What happened is that the whole Skill Challenge encounter broke immersion in the game (in a way that “roll for initiative!” never seems to), and turned that portion of the roleplaying into a little mini-game that, in and of itself, wasn’t very fun.  The way anyone ever really made skill challenges work, I think, was to put some of the wonky math of them aside, and just play out a scenario as naturally as possible.  Allow players still to make skill checks, but let the situation truly evolve as part of that check.  Also, the number of successes before number of failures model failed a little bit when players didn’t, or perceived that they didn’t have skills that would help win the challenge – which meant that their participation would only end up hurting the challenge.  Contrast this with combat, where even if for a particular combat one of the players isn’t very effective, they aren’t actively moving the party towards a loss condition by taking actions (as they would in a skill challenge).

So, if a good skill challenge through out some of the bad math, allowed some of the players to fail or marginally succeed without moving the party towards a loss condition, and didn’t break the immersion of the game into a relatively boring mini-game – then what about combat itself?

Lot’s of players really enjoy combat.  I think the main reason is that it is often one of the few game states where the players are really risking something (their character’s life).  Also, the mini-game of combat is significantly more advanced and interesting than the mini-game of skill challenges, and the math is generally more tightly balanced.  As characters are often generated with an eye towards how they’re going to fare in combat, it’s rare that a player has no way of contributing.

Still, it makes me wonder what the game would be like of all the scaffolding of combat was hidden as well.  Hit points replaced by something akin to “# of success milestones.”  Skill challenges were simplified into using failures for their successes, but they could operate similar to combat where they simple have their own skill rolls against the players DC, and try to reach # of successes before the players can (essentially, hit points represent successes in a skill challenge).  Each player can have their contribution type.  A cleric, for example, removes opponent successes by healing the party.  If you hide all of that scaffolding, and turn combat into a narration similar to well-run skill challenges, I wonder what that would feel like as a game.

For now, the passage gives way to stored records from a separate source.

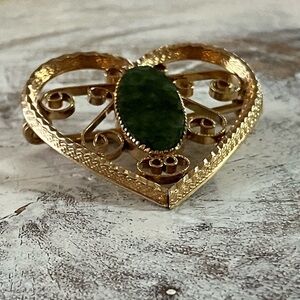 DCE Curtis Vintage 1/20 14 Kt Gold Filled Heart Pin Pendant Green Natural Stone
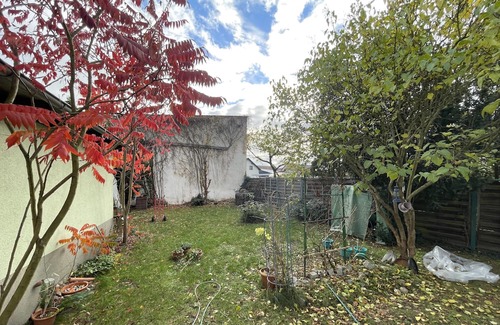 Finsterwalde Apartment | Apartment 'Das Grüne Haus' with Shared Terrace and Shared Garden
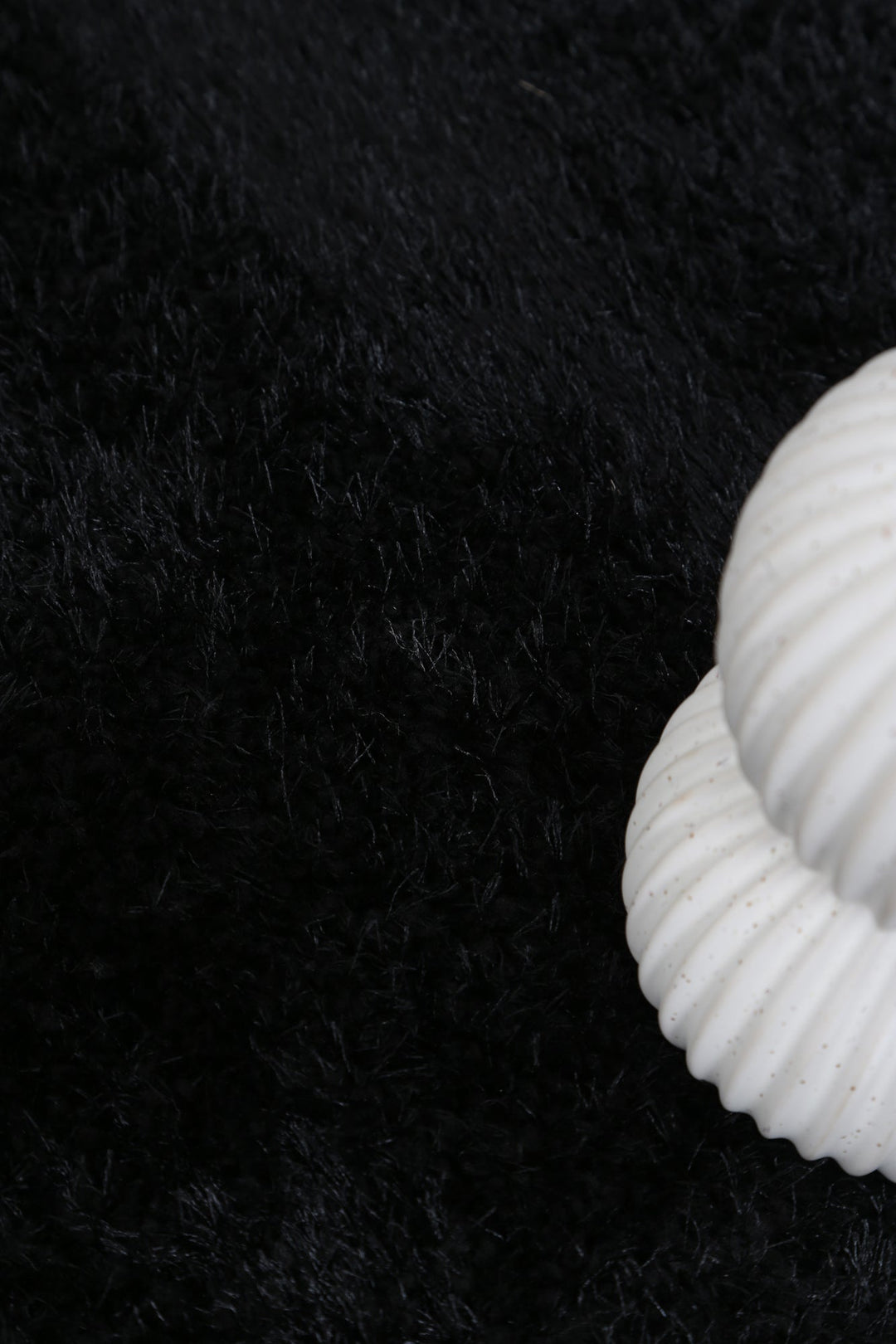 Puffin Black Shaggy Rug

What does hiding the scaffolding in combat look like?  I think that it looks like a narrated version of combat without a battle grid.  It also removes some of the very specific combat mini-game actions, and replaces them with general skills/attributes that can be rolled against using either a fiction-first OR a fiction-follows method.  So, for example, the fighter could roll their fight skill, and based on margin of success, the GM (or the player) could narrate the action and result.  The DCs are kept under wraps, with the players having to trust in the math of the system to provide fair results, and with the monsters using the same system, fairness wouldn’t be too difficult to balance.  Hit points would largely disappear, replaced by sort-of cut-scene descriptions as the enemies have successes accumulated against them.

Such a system would take the game a step out of the tactical war-game genre and a step towards a cinematic story-telling game genre.  That’s almost assuredly not the right step for everyone and for every game, but for a skirmish miniatures game like D&D 4e that already incorporates cinematic skill challenges (albeit, poorly in their execution I think), it might be an interesting way to play it.


2 thoughts on “Hiding the Scaffolding of Combat

  1. Andy

    This reminds me of the story-telling game I played at gencon. I would very much prefer to NOT play out combat in that fashion in our ongoing game.

    1. JackOfHearts Post author

      I agree, but I’d still be interested in hiding the scaffolding. For example, D&D 4e introduced the mechanic of “bloodied” that was used to streamline the inconsistency of GMs saying “he’s looking bad” or “he’s vomiting blood.” The benefit was that everyone now understood, universally through the game, what bloodied meant and it was used consistently. The downside was that it went away from the fiction which was probably more fun. Having the GM tell you that “your slash tears a great hole in the Wyrm’s side, it’s starting to bleed out,” is a lot more interesting than proclaiming, “… and the Wyrm is bloodied!”

      That one is easy to see because 4e had enough flaws it’s easy to fire a shot at it, and because we never used it for a long time. I wonder what other combat mechanics this kind of thing applies to though.